Recently, renowned historians Annette Gordon-Reed and Peter Onuf came to Mount Vernon as part of the Michelle Smith Lecture Series to discuss their joint work, Most Blessed of the Patriarchs: Thomas Jefferson and the Empire of the Imagination.
Many recent biographies have looked at aspects of Jefferson in isolation, or found him inscrutable. You seem to be directly writing against that notion of a confusing, conflicted Jefferson.
Annette Gordon-Reed: We think he is as coherent as any other human being—any complicated and intelligent person—would be. One of the things we say in the preface is that we try, whenever it is at all reasonable to do so, to take him at his word when he says he believes something, or he thinks something is going to happen.
Peter Onuf: I think there's actually a surplus of coherence, if that's possible. What I mean by that is he’s self-conscious, and one of the themes of the book is Jeffersonian self-fashioning, and that's always with reference to audiences, so it's his life-long effort for him to find a place for himself in his world. That’s why I think you really need to know his world well, and I think also, conversely, you get to know his world a little bit better once you’ve studied him.
Annette Gordon-Reed and Peter Onuf in the Washington Library at Mount Vernon (Maria Bryk)
A key aspect of this book—the awareness of how people change over time—is crucial here.

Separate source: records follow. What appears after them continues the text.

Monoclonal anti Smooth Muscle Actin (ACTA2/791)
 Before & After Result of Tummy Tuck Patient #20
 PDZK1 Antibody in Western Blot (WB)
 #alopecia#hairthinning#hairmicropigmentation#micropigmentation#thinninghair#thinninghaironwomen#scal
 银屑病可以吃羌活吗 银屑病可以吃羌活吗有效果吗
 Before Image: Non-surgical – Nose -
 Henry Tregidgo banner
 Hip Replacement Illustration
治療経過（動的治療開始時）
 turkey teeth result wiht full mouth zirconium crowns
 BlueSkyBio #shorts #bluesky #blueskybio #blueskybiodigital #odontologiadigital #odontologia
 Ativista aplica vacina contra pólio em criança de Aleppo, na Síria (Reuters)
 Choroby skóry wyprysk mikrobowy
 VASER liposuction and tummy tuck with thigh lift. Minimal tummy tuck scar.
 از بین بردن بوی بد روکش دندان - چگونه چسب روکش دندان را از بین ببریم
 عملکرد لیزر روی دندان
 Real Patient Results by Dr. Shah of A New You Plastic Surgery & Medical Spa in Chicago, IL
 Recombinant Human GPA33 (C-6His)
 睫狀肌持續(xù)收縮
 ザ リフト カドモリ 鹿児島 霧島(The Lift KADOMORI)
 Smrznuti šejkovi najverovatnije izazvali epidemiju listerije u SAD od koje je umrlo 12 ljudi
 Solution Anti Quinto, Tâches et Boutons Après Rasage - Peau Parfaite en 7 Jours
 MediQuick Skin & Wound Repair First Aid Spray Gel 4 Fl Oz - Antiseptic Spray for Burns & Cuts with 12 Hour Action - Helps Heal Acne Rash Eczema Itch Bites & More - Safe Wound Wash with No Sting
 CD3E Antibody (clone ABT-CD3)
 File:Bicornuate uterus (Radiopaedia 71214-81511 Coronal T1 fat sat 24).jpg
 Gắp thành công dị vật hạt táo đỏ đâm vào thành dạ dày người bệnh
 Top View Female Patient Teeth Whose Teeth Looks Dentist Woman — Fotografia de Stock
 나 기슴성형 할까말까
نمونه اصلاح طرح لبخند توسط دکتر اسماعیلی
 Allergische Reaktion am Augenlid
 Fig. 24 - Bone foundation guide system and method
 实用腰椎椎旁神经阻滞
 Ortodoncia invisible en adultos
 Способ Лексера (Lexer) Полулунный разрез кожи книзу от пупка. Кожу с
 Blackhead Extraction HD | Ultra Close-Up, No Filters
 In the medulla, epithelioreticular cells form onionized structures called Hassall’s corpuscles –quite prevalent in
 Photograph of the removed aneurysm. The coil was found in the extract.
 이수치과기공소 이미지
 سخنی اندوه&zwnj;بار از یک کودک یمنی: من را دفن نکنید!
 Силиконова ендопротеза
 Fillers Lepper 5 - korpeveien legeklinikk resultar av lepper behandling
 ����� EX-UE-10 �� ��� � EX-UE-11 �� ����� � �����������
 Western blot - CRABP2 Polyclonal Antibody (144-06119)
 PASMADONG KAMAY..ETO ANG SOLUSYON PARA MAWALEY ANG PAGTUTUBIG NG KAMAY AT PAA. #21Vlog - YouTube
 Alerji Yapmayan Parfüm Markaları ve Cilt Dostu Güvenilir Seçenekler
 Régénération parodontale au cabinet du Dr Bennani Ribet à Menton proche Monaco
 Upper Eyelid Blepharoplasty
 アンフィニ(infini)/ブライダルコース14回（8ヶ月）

Gordon-Reed: It’s really interesting, because even though the book doesn't proceed chronologically, we try to pay attention to chronology, and that’s been one of my pet peeves about writing on Jefferson. People will take something that happened in 1794 and explain something that happened in 1824.
Onuf: I think one of the most remarkable areas where there is this fallacy of the timeless mind, and I’ll admit that I was prone to this myself, or have been, is on slavery.
How do his ideas about slavery as an institution change over time?
Gordon-Reed: He starts out as part of a class of people that accepts slavery as a natural part of their lives, and then he begins to question that. In his commonplace books, he writes down the inscription for an African slave, a poem that’s talking about people ripped from their homeland, and by a cruel tyrant, forced to do all these kinds of things. Words that echo what he says in the excised part of the Declaration of Independence. He’s in his 20s. This is his vision of what it means to be against the slave trade. We look at that now and say, “that’s not an anti-slavery measure,” and it turns out not to be. But in his 20s, he actually thought it was.
Onuf: This is a good example of how we customarily think of Jefferson, because he tells us in 1814, when he writes to Edward Coles, that in colonial days, “We never thought of slaves as human beings.” That they were like cattle, and then he has his enlightenment epiphany, and that’s all you need to know, because once he’s realized that we’re dealing with real human beings, unjustly held in bondage, then that's what he holds true to, to the end of his life, but it’s a lot more complicated than that.